# EXERCISE INSTRUCTIONS
An exact copy of all the entries is needed, with no images in it.
[[ DATA EXTRACTS open ]]
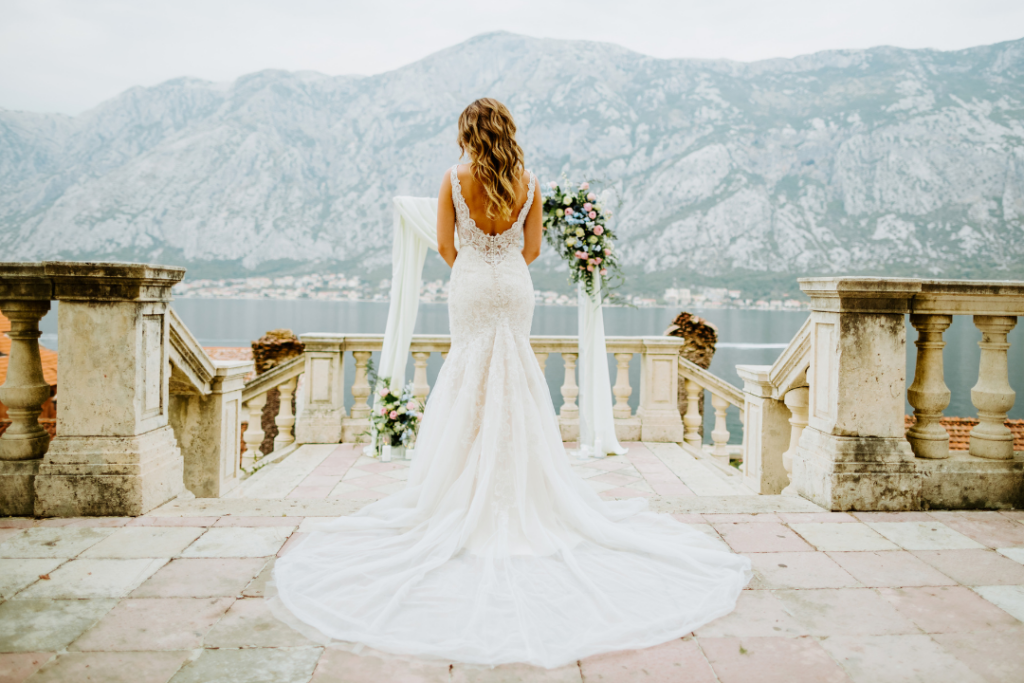 abito da sposa a sirena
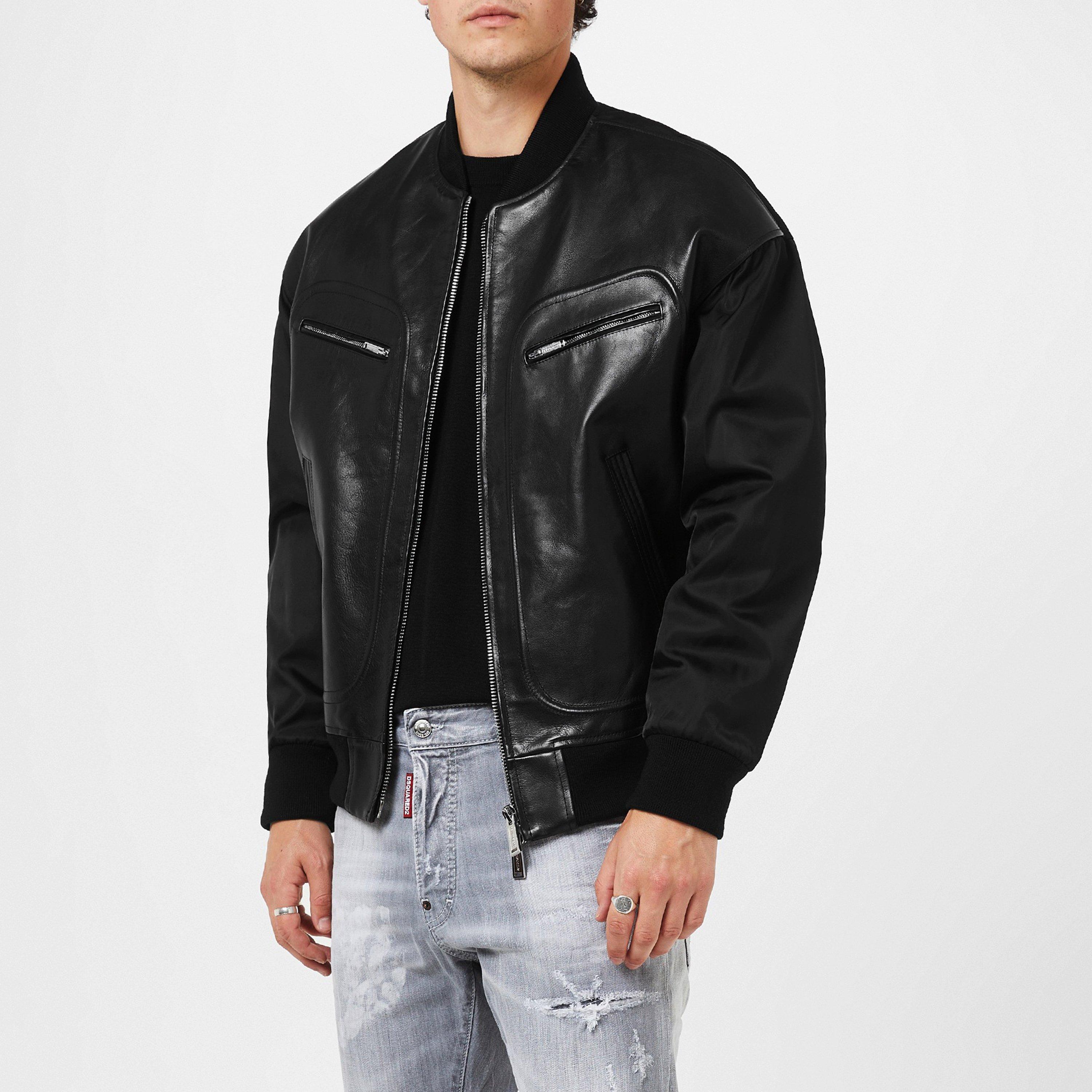 Black - DSquared2 - Western Aviator Jacket - 3
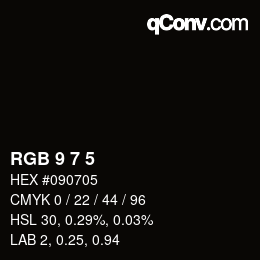 Farbcode: RGB 9 7 5 | qconv.com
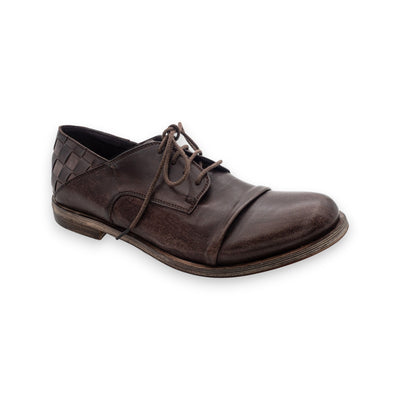 JP/DAVID Men's Papua Bronzed Washed Woven Lace-up Shoe 2580-380-7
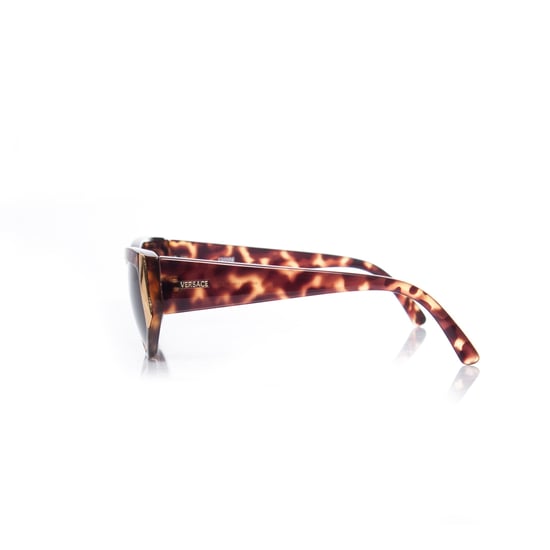 Gianni Versace Tortoise Shell Rechthoekige Zonnebril. - Image 3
[[ DATA EXTRACTS closed ]]
# ANSWER TO THIS TASK
 abito da sposa a sirena
 Black - DSquared2 - Western Aviator Jacket - 3
 Farbcode: RGB 9 7 5 | qconv.com
 JP/DAVID Men's Papua Bronzed Washed Woven Lace-up Shoe 2580-380-7
 Gianni Versace Tortoise Shell Rechthoekige Zonnebril. - Image 3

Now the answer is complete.